Et si on faisait plus de tort que de bien?

Voici quelques règles que je tente d’appliquer (bien humblement) lorsque je diffuse de l’information, en espérant que cela puisse vous être utile lorsque vous publiez à votre tour.

— Est-ce que cette information peut causer du mal?

Quels peuvent être les conséquences néfastes découpant de la publication de cette information?

— Qui peut lire cette information?

Est-ce que l’information diffusée pourrait être lue par des personnes qui pourraient en être affectées négativement?

— Est-ce que cette information peut être intéressante?

Le contenu du message peut-il être d’une utilité quelconque à quelqu’un?

— Est-ce que cette information est motivée par une réalité mesurable ou bien est-elle basée sur mes croyances?

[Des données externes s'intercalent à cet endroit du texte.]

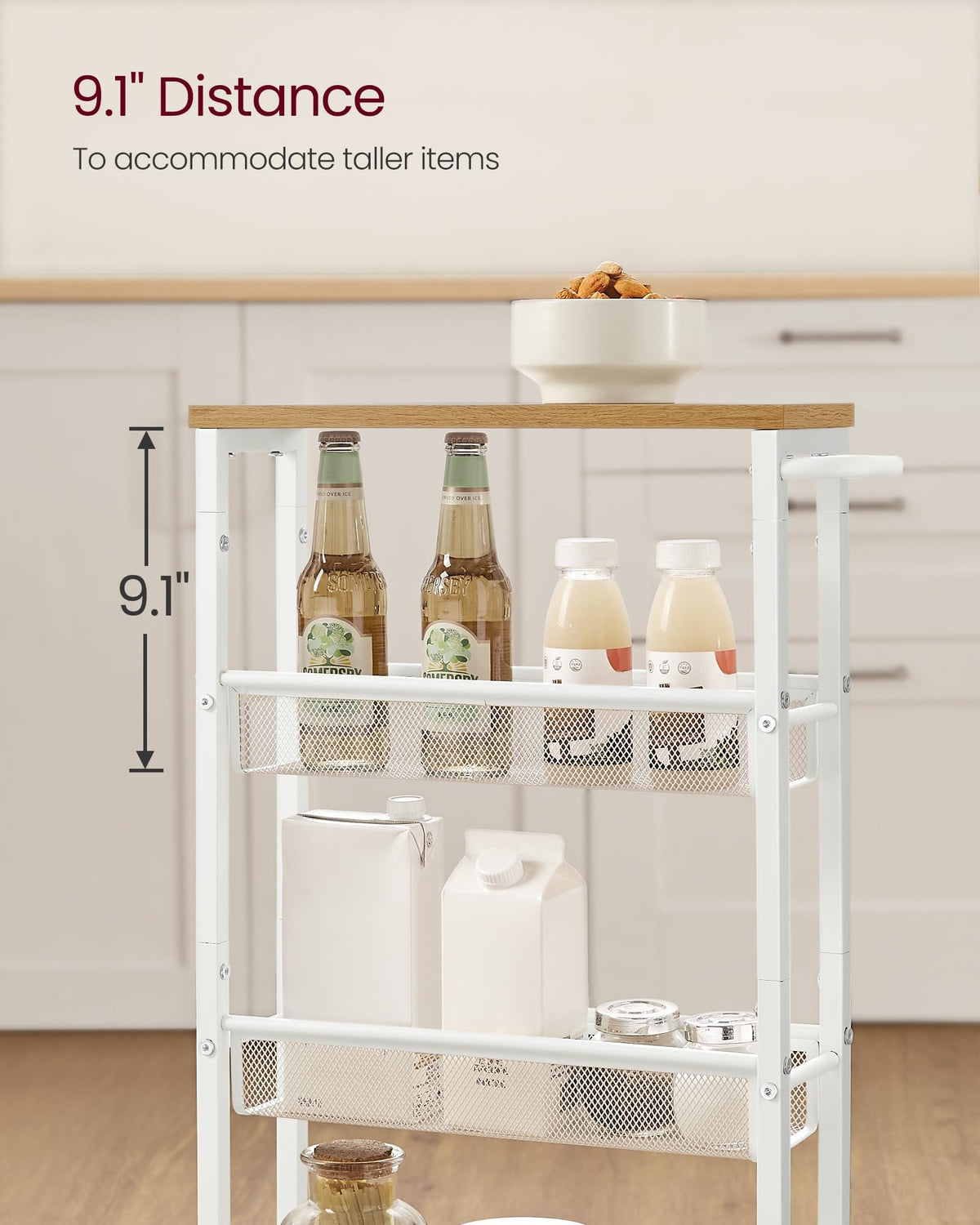 VASAGLE 4-Tier Slim Rolling Storage cart with Wheels, 5.1 Inches, Metal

Est-ce que je souhaite émettre une opinion ou bien informer objectivement les lecteurs? Est-ce clair qu’il s’agit d’une opinion si c’est le cas?

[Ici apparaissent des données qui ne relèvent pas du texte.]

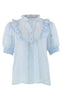 Continue Bluse - Silke Chiffon - Sky Blue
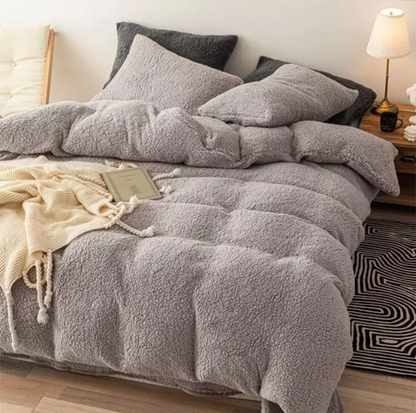Teddy Bear Fleece Fitted Sheet OR Duvet Cover Set Sherpa Thermal Warm Bedding Silver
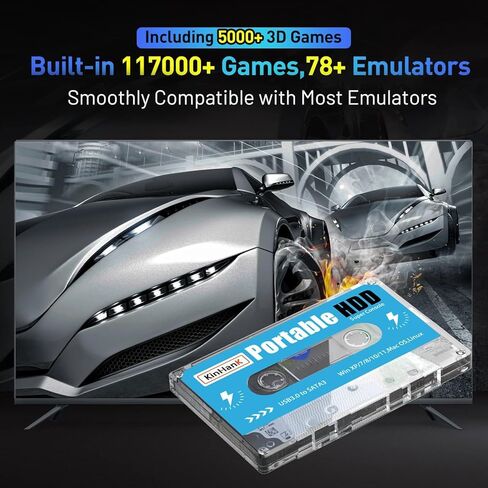 محرك الأقراص الصلبة الخارجي Kinhank 500G HDD مع نظام Batocera 33، وحدة تحكم ألعاب ريترو مع 111700 لعبة، متوافق مع معظم المحاكيات، SATA 3.0، لأجهزة الكمبيوتر المحمول/الكمبيوتر الشخصي/Windows/Mac OS (بدون وحدة تحكم) in Saudi Arabia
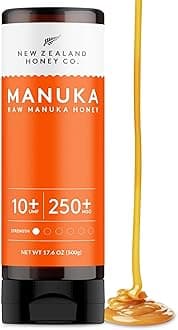 New Zealand Honey Co. Pure Manuka Honey Squeeze Bottle UMF 10+ / MGO 250+ | 17.6oz | 1.1 lb. (500g)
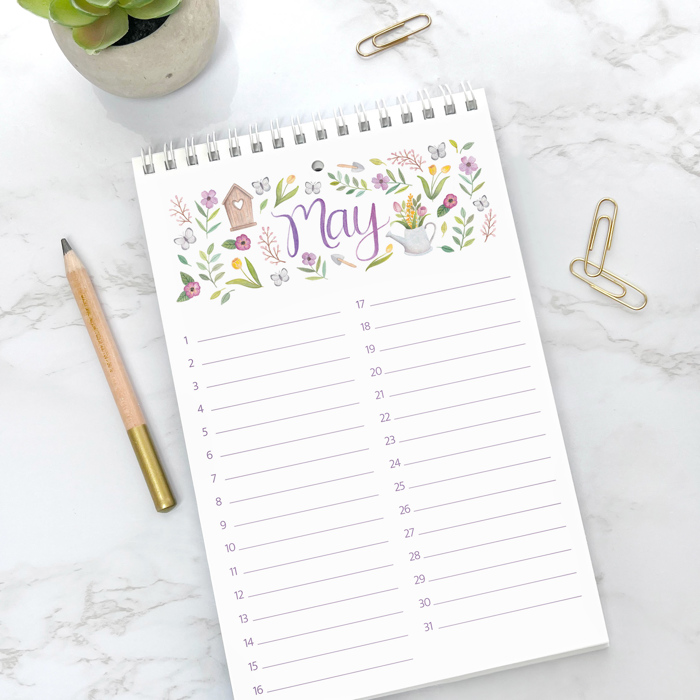 Watercolor Perpetual Calendar | Botanical Birthday Calendar | Hand Painted Illustrations  | Free Shipping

 — Est-ce que cette information sert uniquement à me mettre en valeur ou bien met-elle de l’avant un contenu pertinent?

Si oui, est-ce clair qu’il s’agit d’une publicité ou d’un assouvissement narcissique visant à nourrir mon égo?

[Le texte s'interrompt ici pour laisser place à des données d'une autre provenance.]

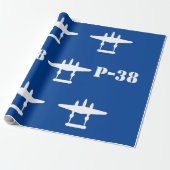 P-38 Bliksem Blauw & Wit Cadeaupapier (Uitgerold)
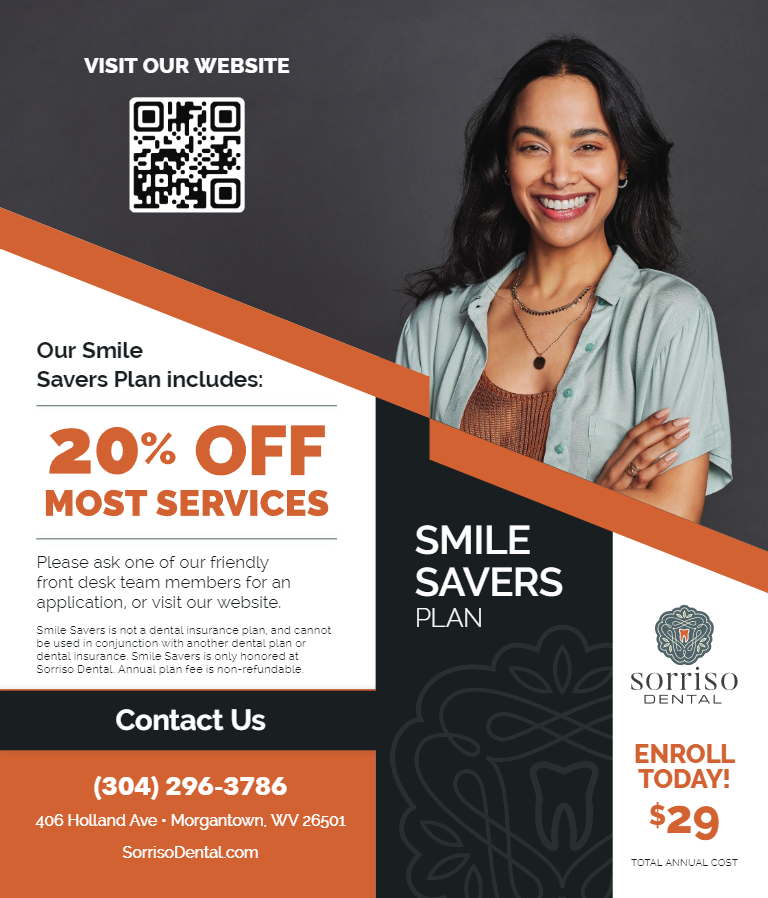 Get 20% off most dental services with our Savers Plan | Natural Dentist in Morgantown WV A woman is smiling on a flyer for a dental office.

Pour moi, il s’agit d’un processus qui me permet de prendre un certain recul fasse aux informations que je souhaite transmettre. Pourquoi faire ce genre de démarche? Non pas pour limiter la transmission d’information et retreindre vos Tweets, mais plutôt parce qu’il n’y a rien de pire que d’apprendre que l’on a fait du mal à des gens que l’on souhaitait aider.